震災以降立ち上がった東北の団体のリーダーの元に、若手経営人材「右腕」を3年間で約200人派遣してきた「右腕派遣プログラム」。東北で活躍する「右腕」とリーダーのインタビューを紹介します。
2011年3月21日から宮城県石巻市で子どもたちの居場所・遊び場づくりに取り組むNPO法人にじいろクレヨン。代表の柴田滋紀さんが、震災当日からの約1年について綴った著書「にじいろクレヨンが描いた軌跡」の文中に、“絵を描くというのは、そこに立ち止まり、じっくりと対面する時間を持つということだ。”という一節があります。画家であり、剣道の先生でもある柴田さんは、誰かや何かが目の前に現れた時、自ずから相手と対峙する態度で在るように思います。そんな柴田さんに、右腕募集に際してお話を伺いました。【NPO法人にじいろクレヨン・柴田滋紀さん】
ー2011年3月11日当日、柴田さんは、主催するお絵かき教室「ゴコッカン」の準備中に被災、消防団として数日救助活動をサポートなさった後、避難していた石巻高校の避難所の一画で、にじいろクレヨンの前身となる「石巻こども避難所クラブ」を始められたとのこと。その頃のことを教えて下さい。
最初の活動は、2011年3月21日でした。避難所の中でひっそりと我慢して過ごしている子どもたちを見て、自分に何かできることはなんだろう、と考えたのがきっかけです。感受性が豊かな彼らの苦しさや悲しみ、つらさを少しでも軽減できる居場所と遊び場をつくろうと動き始めました。避難所のリーダーと相談して時間を決め、同じ避難所にいた保育士の先生にも声がけして、手遊びや本の読み聞かせ、ダンス、紙飛行機などで遊んでいるうちに、だんだんと子どものほうから鬼ごっこがしたい、などと声がでてくるようになりました。
一週間後には、他の避難所でも活動を開始しました。同様の子どもたちは他にもいるだろうと思ったことと、当時私たちの他に子どもの支援に取り組んでいる人たちがいなかったからです。ボランティアセンター経由や東京の友人に頼んで作成したブログを見て、多い時には一日20人くらいのボランティアが参加してくださり、彼らを3チームに編成し、7ヶ所の避難所に派遣していました。にじいろクレヨンという名前で活動を始めたのは、4月上旬のことです。
ー任意グループの活動からNPO法人として組織化することは、いつ頃から考えていらっしゃったのですか?
3月21日に活動を始めた時点で、NPO法人化したいなと思っていました。そのほうが、たくさんの人たちに応援してもらえるだろうと思ったからです。私自身は、震災前の仕事も何もなくなり、何の縛りもなかったので、この活動はまず10年やるぞと決めていました。

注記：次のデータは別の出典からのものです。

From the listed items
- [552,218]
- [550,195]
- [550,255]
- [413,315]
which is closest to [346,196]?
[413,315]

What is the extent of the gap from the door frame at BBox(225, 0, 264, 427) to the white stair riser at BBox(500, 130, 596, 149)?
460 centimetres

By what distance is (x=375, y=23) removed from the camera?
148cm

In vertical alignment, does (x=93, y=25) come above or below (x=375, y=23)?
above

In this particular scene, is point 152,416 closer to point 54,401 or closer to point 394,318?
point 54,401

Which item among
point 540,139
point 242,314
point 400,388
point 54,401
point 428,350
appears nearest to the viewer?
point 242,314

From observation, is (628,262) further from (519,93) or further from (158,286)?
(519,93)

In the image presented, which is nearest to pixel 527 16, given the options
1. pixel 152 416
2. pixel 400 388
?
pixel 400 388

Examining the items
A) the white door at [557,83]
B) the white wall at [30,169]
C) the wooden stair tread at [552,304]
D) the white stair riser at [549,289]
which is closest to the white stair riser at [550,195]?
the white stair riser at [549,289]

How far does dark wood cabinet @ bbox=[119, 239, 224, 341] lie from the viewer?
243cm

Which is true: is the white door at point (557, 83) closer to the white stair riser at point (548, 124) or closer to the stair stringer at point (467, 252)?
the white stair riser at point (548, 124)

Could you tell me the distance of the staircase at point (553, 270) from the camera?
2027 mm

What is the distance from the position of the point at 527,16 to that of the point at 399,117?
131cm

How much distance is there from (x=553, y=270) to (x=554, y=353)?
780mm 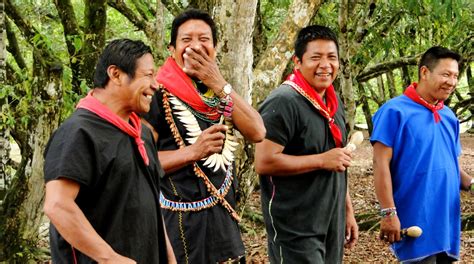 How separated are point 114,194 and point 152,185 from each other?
25 cm

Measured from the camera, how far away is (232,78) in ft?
15.3

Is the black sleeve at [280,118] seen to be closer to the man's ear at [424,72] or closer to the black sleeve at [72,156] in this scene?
the man's ear at [424,72]

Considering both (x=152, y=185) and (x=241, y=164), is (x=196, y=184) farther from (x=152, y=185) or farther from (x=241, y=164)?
(x=241, y=164)

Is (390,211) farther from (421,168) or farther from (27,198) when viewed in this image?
(27,198)

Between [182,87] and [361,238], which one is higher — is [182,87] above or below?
above

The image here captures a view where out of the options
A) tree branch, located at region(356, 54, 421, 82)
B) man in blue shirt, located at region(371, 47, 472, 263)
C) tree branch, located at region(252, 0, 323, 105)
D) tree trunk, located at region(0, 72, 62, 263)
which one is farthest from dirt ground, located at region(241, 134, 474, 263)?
man in blue shirt, located at region(371, 47, 472, 263)

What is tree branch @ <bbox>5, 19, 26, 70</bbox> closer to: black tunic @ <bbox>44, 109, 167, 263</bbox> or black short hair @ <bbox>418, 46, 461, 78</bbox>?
black short hair @ <bbox>418, 46, 461, 78</bbox>

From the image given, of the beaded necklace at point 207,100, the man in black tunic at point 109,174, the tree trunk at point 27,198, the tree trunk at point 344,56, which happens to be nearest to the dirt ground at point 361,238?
the tree trunk at point 344,56

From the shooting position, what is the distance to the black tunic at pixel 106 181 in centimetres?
263

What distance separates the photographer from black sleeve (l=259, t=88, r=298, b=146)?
392cm

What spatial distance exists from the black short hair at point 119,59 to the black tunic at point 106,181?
0.64 ft

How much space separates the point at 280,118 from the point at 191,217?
2.70 feet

自分以外の人を雇用し始めたのが、2011年9月頃からで、その頃に私自身もきちんとお給料をとるようにしました。寄附や助成金をいただいて活動できていることを有り難く思う一方、どこかで寄りかかっている感じが気持ち悪く、8月に、にじいろクレヨンの事業として、お絵かき教室(ゴコッカン事業)を再開しました。教室から自分のお給料をもらっているという形にすれば、自分なりに胸を張って生きられる感覚があったんです。
ーその後、活動場所を避難所から仮設住宅に移し、市内数カ所の仮設住宅の住民さんたちと関係を築きながら、子どもたちの居場所づくり事業(にじいろクレヨン活動事業。以下、にじいろ活動)を今まで継続してこられました。子どもたちと関わる中で、どんなことを大事にしているか聞かせて下さい。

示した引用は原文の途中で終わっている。